Closed xmax1 closed 4 years ago

xmax1 commented 4 years ago

Is the implementation of the input kronecker factor different from the kfc paper?

Equation 32 https://arxiv.org/pdf/1602.01407.pdf here \Omega is not divided by the num_spatial_locations whereas line 1673 https://github.com/tensorflow/kfac/blob/cf6265590944b5b937ff0ceaf4695a72c95a02b9/kfac/python/ops/fisher_factors.py#L1673 here clearly indicates (and is implemented) that the expectation is taken over both the batch size and the spatial locations.

Thanks for any clarifications,

Max

james-martens commented 4 years ago

The docstring is wrong/misleading here, and I'll change it. This is what it should say:

Note that this is related to Omega in https://arxiv.org/abs/1602.01407 except that here we normalize by the number of locations (k).
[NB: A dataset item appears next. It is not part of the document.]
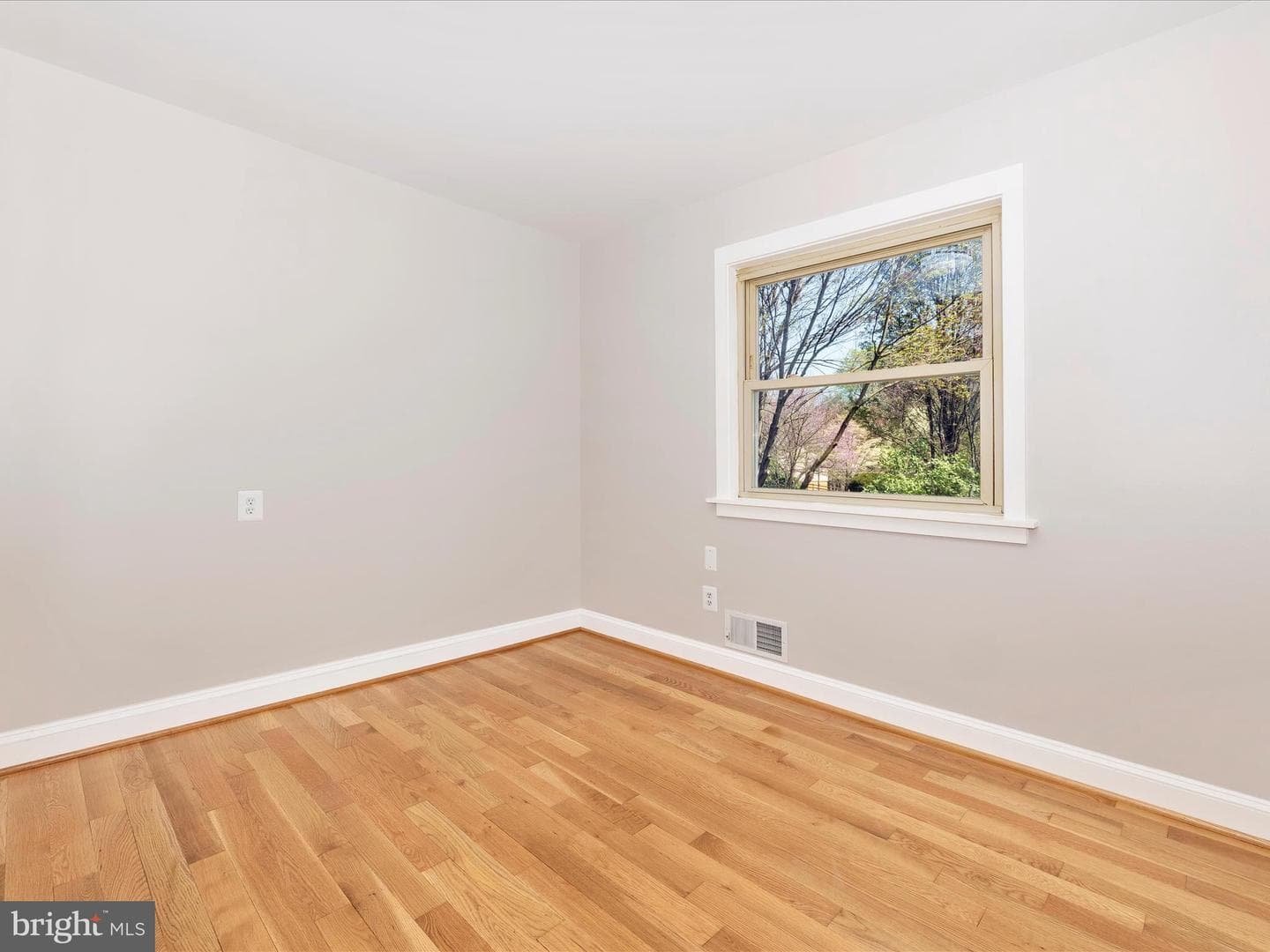 2728 Loch Haven Drive photo 32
By setting the renormalization coefficient ("_renorm_coeff") in the block class to k we get the same overall block approximation from the paper.

xmax1 commented 4 years ago

F = (k / k) [ (1/M) A A^T \otimes (1 / (Mk)) S S^T ] F = k [ (1/(Mk)) A A^T \otimes (1 / (Mk)) S S^T ]

comme ca?

james-martens commented 4 years ago

Something like that.